Exercise prompt> Please print the full listing below exactly, but not the pictures in it.

::: Data block

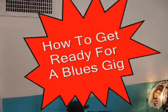Hi folks. People ask me what's it take to get ready for a gig? How do you get ready for a gig? And also they want some kind of a biography out of me — who am I? So I'll show you a little bit about myself.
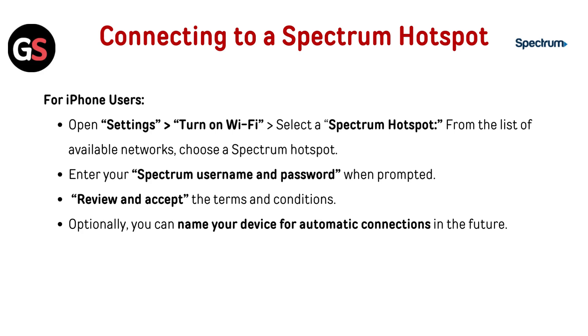Select a Spectrum Hotspot from the list of available networks. Enter your Spectrum username and password when prompted. Review and accept the terms and conditions. Optionally, you can name your device for automatic connection in the future.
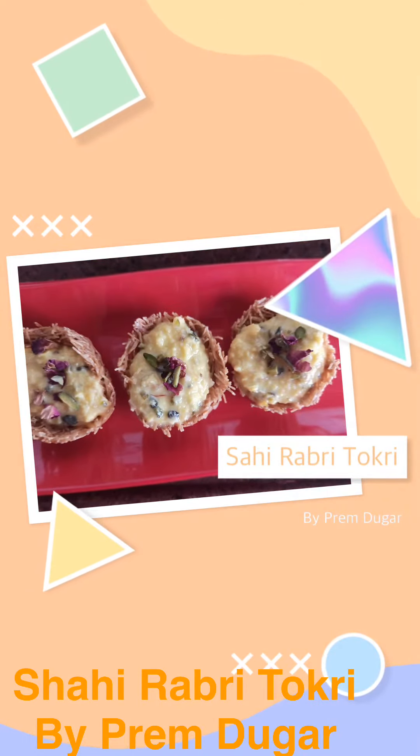Hey friends, I am back with a special recipe. This is Shahi Rabri Tokri, most demanded when I was offline. So let's get started. This is milk — three glasses of milk — and I'm going to evaporate it until it is half.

::::::

Task solution>
Hi folks. People ask me what's it take to get ready for a gig? How do you get ready for a gig? And also they want some kind of a biography out of me — who am I? So I'll show you a little bit about myself.
Select a Spectrum Hotspot from the list of available networks. Enter your Spectrum username and password when prompted. Review and accept the terms and conditions. Optionally, you can name your device for automatic connection in the future.
Hey friends, I am back with a special recipe. This is Shahi Rabri Tokri, most demanded when I was offline. So let's get started. This is milk — three glasses of milk — and I'm going to evaporate it until it is half.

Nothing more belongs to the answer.